Advantageously, the building assembly in the described embodiments may be manufactured off-site as a number of standard sized modular panels of 4′×8′, or larger dimensions, which are then shipped to a building site for installation and use in the floor and/or ceiling of the building.
Embodiments of the invention contemplate a floor topping (e.g., carpet, carpet pad, tile, vinyl, etc.) treatment. Such floor topping treatments are not integral to the acoustic rated assembly in the described embodiments, that is, the embodiments described herein meet the code minimum requirements without applying the floor topping treatments. However, applying a finish floor product to the embodiments of the invention will further improve the impact acoustic performance of the described embodiments.
One embodiment of the invention also incorporates design elements such as exposing the underside of the solid wood or mass timber structural panel layer for architectural and aesthetic reasons, and avoiding the use of a wet trade cement-based product(s), such as gyperete, to improve constructability and efficiency.

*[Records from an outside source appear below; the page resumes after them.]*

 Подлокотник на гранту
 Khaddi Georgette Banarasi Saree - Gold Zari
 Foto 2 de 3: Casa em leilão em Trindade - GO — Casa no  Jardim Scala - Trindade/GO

Embodiments of the invention were tested for both airborne and impact sound isolation utilizing the methods outlined in ASTM E336: Standard Method for Measurement of Airborne Sound Insulation in Buildings and ASTM E1007: Standard Test Method for Field Measurement of Tapping Machine Impact Sound Transmission Through Floor-Ceiling Assemblies and Associated Support Structures to characterize the airborne and impact noise isolation performance of the embodiments.
Embodiments of the invention meet the International Building Code (IBC) section 1207.2 requirements for field sound transmission class (FSTC) and IBC section 1207.3 requirements for field impact isolation class (FIIC). Per IBC section 1207.1, these requirements apply to common interior walls, partitions and floor/ceiling assemblies between adjacent dwelling units and sleeping units or between dwelling units and sleeping units and adjacent public areas such as halls, corridors, stairways or service areas. Section 1207.2 requires that walls, partitions and floor/ceiling assemblies separating dwelling units and sleeping units from each other or from public or service areas shall have a sound transmission class of not less than 50 if laboratory tested, or not less than 45 if field tested, for air-borne noise when tested in accordance with ASTM E 90. Penetrations or openings in construction assemblies for piping; electrical devices; recessed cabinets; bathtubs, soffits; or heating, ventilating or exhaust ducts shall be sealed, lined, insulated or otherwise treated to maintain the required ratings. Section 1207.3 requires that floor/ceiling assemblies between dwelling units and sleeping units or between a dwelling unit or sleeping unit and a public or service area within the structure shall have an impact insulation class rating of not less than 50 if laboratory tested, or not less than 45 if field tested, when tested in accordance with ASTM E 492.
Although embodiments of the invention have been described and illustrated in the foregoing illustrative embodiments, it is understood that present disclosure has been made only by way of example, and that numerous changes in the details of implementation of the invention can be made without departing from the spirit and scope of embodiments of the invention, which is only limited by the claims that follow. Features of the disclosed embodiments can be combined and rearranged in various ways.